Braunschweig. Das Lilienthalhaus wurde am gestrigen Freitag eröffnet: Mit dem schmucken Neubau steht dem Forschungsflughafen Braunschweig ein modernes Zentrum zur Verfügung,

in dem Experten aus den Bereichen Luft- und Raumfahrt arbeiten, sich begegnen und vernetzen können

. Der Neubau strotzt nur vor technischen Errungenschaften. Dass eine Photovoltaik-Anlage für die Grundversorgung mit Strom sorgt, ist fast schon Nebensache: Die Grenzen des derzeit technisch Machbaren reizt ein transparentes Foliendach über dem Foyer aus. Eine freitragende Treppe führt bis zur Sky-Lounge in die vierte Etage. Jalousien braucht niemand mehr an sonnigen Tagen: Die Fenster tönen sich selbsttätig ab.
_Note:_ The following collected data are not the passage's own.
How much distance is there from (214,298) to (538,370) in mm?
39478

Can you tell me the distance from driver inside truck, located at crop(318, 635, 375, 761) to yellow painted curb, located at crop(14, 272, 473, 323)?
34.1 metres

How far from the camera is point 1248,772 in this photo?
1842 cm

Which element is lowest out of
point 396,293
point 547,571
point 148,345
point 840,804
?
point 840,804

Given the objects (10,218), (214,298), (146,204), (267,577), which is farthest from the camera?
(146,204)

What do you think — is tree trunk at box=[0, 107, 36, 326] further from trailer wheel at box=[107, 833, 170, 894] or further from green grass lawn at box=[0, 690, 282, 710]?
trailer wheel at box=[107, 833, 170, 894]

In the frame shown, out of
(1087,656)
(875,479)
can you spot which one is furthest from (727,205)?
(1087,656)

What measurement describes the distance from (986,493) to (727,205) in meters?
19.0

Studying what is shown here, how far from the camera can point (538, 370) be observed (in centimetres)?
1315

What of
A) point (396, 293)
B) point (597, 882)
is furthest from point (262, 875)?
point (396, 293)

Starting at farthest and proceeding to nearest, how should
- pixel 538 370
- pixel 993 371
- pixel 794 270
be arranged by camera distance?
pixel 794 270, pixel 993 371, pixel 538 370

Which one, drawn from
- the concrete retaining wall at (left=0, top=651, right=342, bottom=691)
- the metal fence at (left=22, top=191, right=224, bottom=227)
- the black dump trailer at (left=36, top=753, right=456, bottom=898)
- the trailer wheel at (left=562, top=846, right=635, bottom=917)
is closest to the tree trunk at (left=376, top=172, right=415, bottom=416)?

Konferenzräume und Bistro sorgen für die optimale Vernetzung der ansässigen Unternehmen. Die Stadt Braunschweig, betonte Oberbürgermeister Ulrich Markurth, habe selbst 360 Quadratmeter reserviert – Büros, die Gründer nutzen sollen, um ihren Beitrag zur Forschung und Entwicklung zu leisten.
Denn, so Jürgen Brinkmann, Vorstandsvorsitzender der Volksbank BraWo: „Wo hat man schon so einen Standort wie wir hier in Braunschweig? Wenn Mobilitätsforschung, dann doch hier, am Flughafen neben der A2.“ Der Neubau, so Brinkmann, sei ein schönes Beispiel dafür, was die Region leisten kann: „Wir können das hier lokal, mit Experten, die hier vor Ort tätig sind.“
Ganz nebenbei erwähnte der Volksbank-Chef, dass die Aktivitäten des Unternehmens am Flughafen noch nicht beendet sind. Im kommenden Jahr soll eines der modernsten Parkhäuser Europas dort entstehen. Oberbürgermeister Markurth führte weiter aus: „Als nächstes wird der Vorplatz des Flughafens umgestaltet. Und dann nähern wir uns mit den Planungen den Altgebäuden.“
Der Braunschweiger Forschungsflughafen, an dem Entwicklungen in den Bereichen Luft-, aber auch Raumfahrt vorangetrieben werden, hat längst europäischen Rang – mit 2 800 Arbeitsplätzen. 300 Millionen Euro sind dort inzwischen insgesamt investiert worden.